HPZZ21

The Communication Complexity of Set Intersection and Multiple Equality Testing

In this paper we explore fundamental problems in randomized communication complexity such as computing Set Intersection on sets of size k and Equality Testing between vectors of length k. Sağlam and Tardos [FOCS 2013] and Brody et al. [Algorithmica 2016] showed that for these types of problems, one can achieve optimal communication volume of O(k) bits, with a randomized protocol that takes O(log^* k) rounds. They also proved that this is one point along the optimal round-communication trade-off curve.

Aside from rounds and communication volume, there is a third parameter of interest, namely the error probability p_{err}, which we write 2^{-E}. It is straightforward to show that protocols for Set Intersection or Equality Testing need to send at least Ω(k+E) bits, regardless of the number of rounds. Is it possible to simultaneously achieve optimality in all three parameters, namely O(k+E) communication and O(log^* k) rounds?

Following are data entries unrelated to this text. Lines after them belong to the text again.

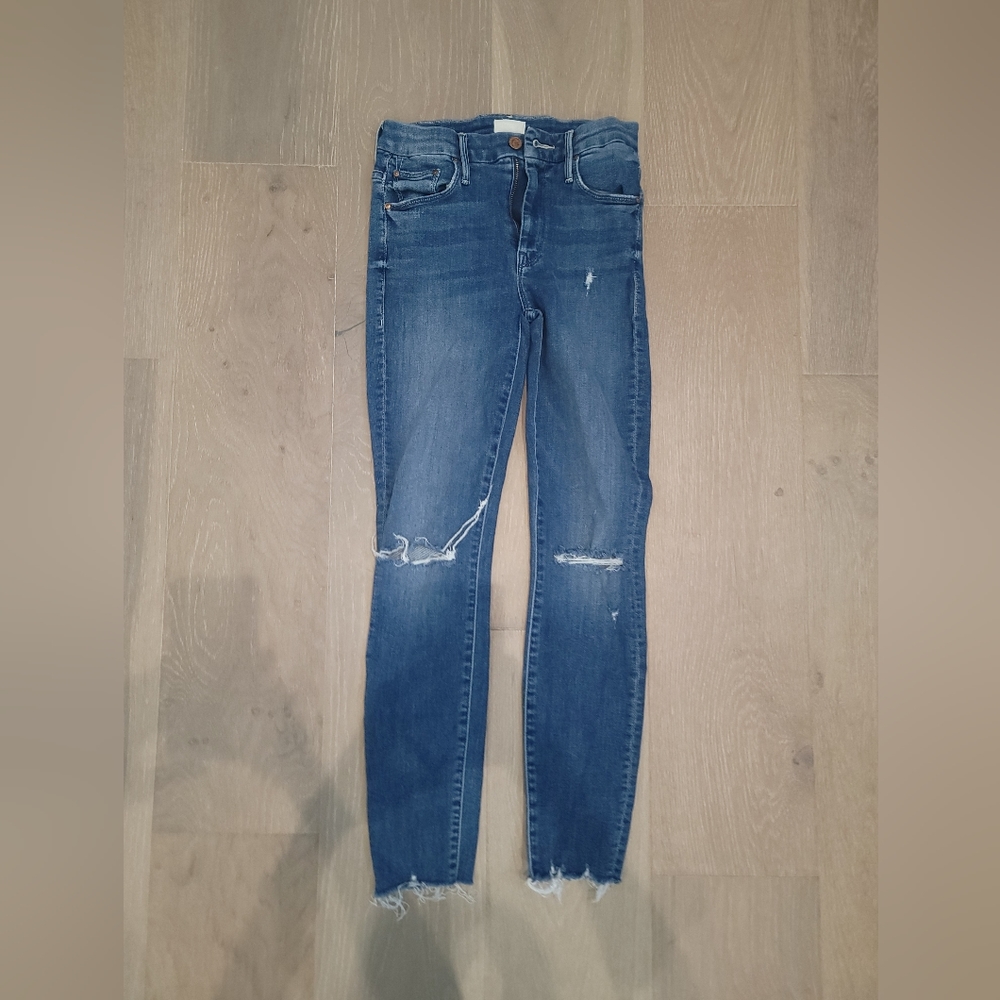 Mother size 25 skinny jeans with frayed edges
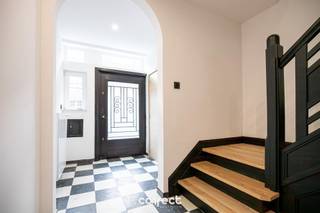 Deze statige stadswoning onderging in 2025 een totaalrenovatie. De woning werd volledig gestript en gerenoveerd naar hedendaagse normen om tot...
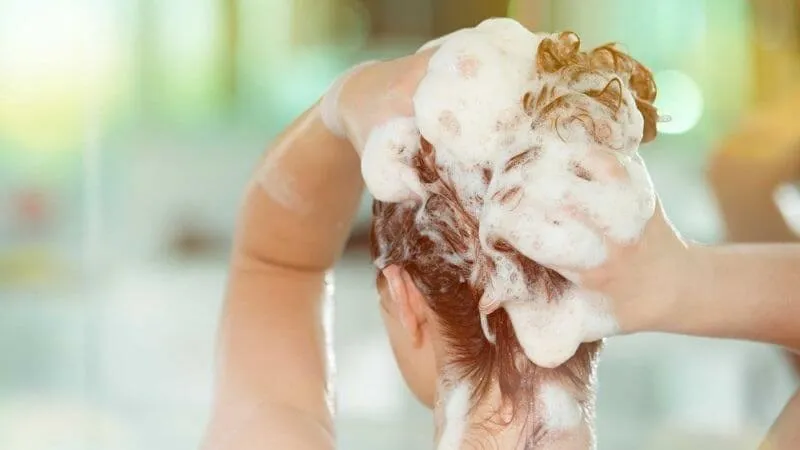 Gội đầu, giữ cho tóc và da đầu sạch sẽ giúp hạn chế rụng tóc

In this paper we prove that there is no universally optimal algorithm, and we complement the existing round-communication trade-offs [FOCS 2013, Algorithmica 2016] with a new trade-off between rounds, communication, and probability of error. In particular, any protocol for solving Multiple Equality Testing in r rounds with failure probability p_{err}=2^{-E} has communication volume Ω(Ek^{1/r}). We present several algorithms for Multiple Equality Testing (and its variants) that match or nearly match our lower bound and the lower bound of [FOCS 2013, Algorithmica 2016]. Lower bounds on Equality Testing extend to Set Intersection, for every r, k, and p_{err} (which is trivial); in the reverse direction, we prove that upper bounds on Equality Testing for r, k, p_{err} imply similar upper bounds on Set Intersection with parameters r+1, k, and p_{err}.

Our original motivation for considering p_{err} as an independent parameter came from the problem of enumerating triangles in distributed (CONGEST) networks having maximum degree Δ. We prove that this problem can be solved in O(Δ / log n + log log Δ) time with high probability 1-1/poly(n). This beats the trivial (deterministic) O(Δ)-time algorithm and is superior to the Õ(n^{1/3}) algorithm of [SODA 2019, PODC 2019] when Δ=Õ(n^{1/3}).